Porfirio Díaz became president in 1876. He seemed to be a leader with good intentions. Díaz built roads and railroads. He started policies for economic improvement. The longer Díaz held the presidency, the more people questioned his power.
Rural people didn’t see the same benefits as those in cities. Wealth seemed to flow only to the privileged. Díaz again ran for re-election in 1910. He jailed his chief opponent, Francisco Madero. Madero believed in bringing democracy back to a government that Díaz had turned into a dictatorship.
With Díaz president again in October 1910, Mexican people saw no hope for honest elections. Madero fled to the United States. On November 20, 1910, while living in Texas, he urged people to revolt against Díaz. No major battles took place that day. The date marks the start of the Mexican Revolution. Díaz resigned and left Mexico in May 1911. Madero returned from exile and was elected president that same year.
For the next 10 years, a few battles took place. Famous revolutionaries like Pancho Villa, Emiliano Zapata, and Venustiano Carranza organized forces. Over the course of the civil war, hundreds of thousands of Mexicans died.
A new constitution in 1917 brought education and workforce reforms. Schooling was free and mandatory for the first time. It urged the government to care for the social and economic well-being of all Mexicans. Many believe the war ended in 1920, though fighting continued for several more years. Only in 1934, when Lázaro Cárdenas became president, did democracy really replace dictators in Mexico.
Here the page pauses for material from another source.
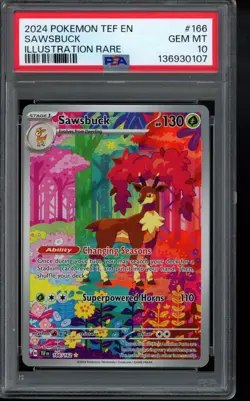 PSA 10 - Sawsbuck 166/162 SV05: Temporal Forces Holo Pokemon - Image 1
The Mexican Revolution was the first war to be recorded on film. It also brought about a program using artists to tell the story of the revolution. Muralists like Diego Rivera and José Clemente Orozco painted on the walls of public buildings. Their works told the tales of the war and recorded the lives of everyday people. For a country with a high illiteracy rate before schooling was widely available, these paintings were educational.
Corridos, or storytelling songs, shared tales from the revolution. Leaders receive heroic treatment in these songs. They shamed rulers who treated Mexican people poorly. Each Mexican state has its own corrido that retells important events. These songs remain important today in remembering Mexican history.